_Problem description_
Going down the data below, set down exactly the line with "Stained Glass - Saint" and each line after it through the line with "Мультяшні бавовняні туфлі"; no other lines.

_Task input_
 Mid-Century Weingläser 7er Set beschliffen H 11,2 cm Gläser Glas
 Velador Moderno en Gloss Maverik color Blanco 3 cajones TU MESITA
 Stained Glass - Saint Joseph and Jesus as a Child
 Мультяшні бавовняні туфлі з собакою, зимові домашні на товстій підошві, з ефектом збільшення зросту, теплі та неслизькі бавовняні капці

...

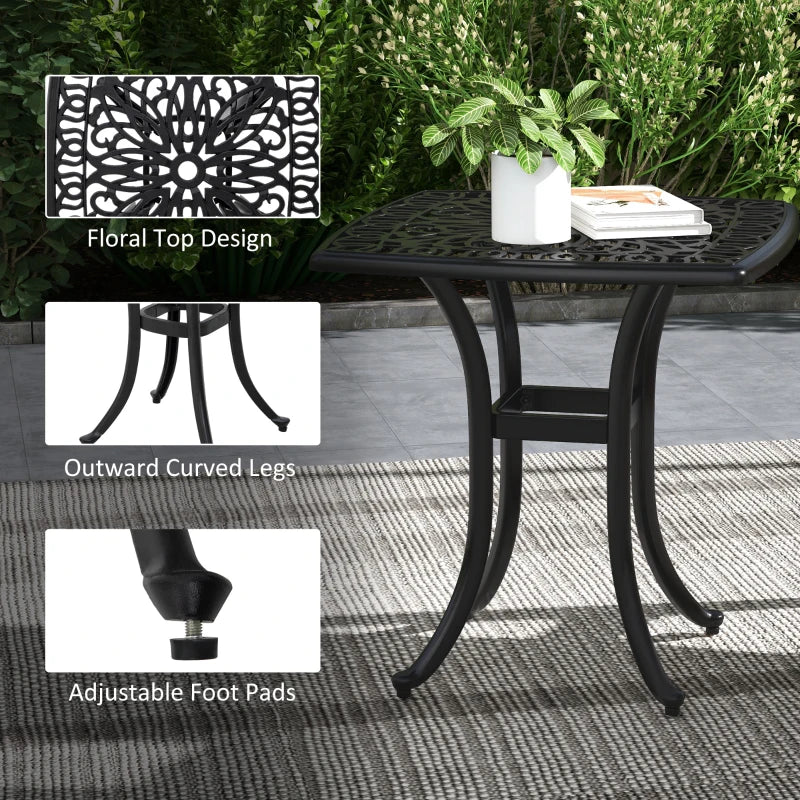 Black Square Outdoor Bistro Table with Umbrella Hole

_Response to the exercise_
 Stained Glass - Saint Joseph and Jesus as a Child
 Мультяшні бавовняні туфлі з собакою, зимові домашні на товстій підошві, з ефектом збільшення зросту, теплі та неслизькі бавовняні капці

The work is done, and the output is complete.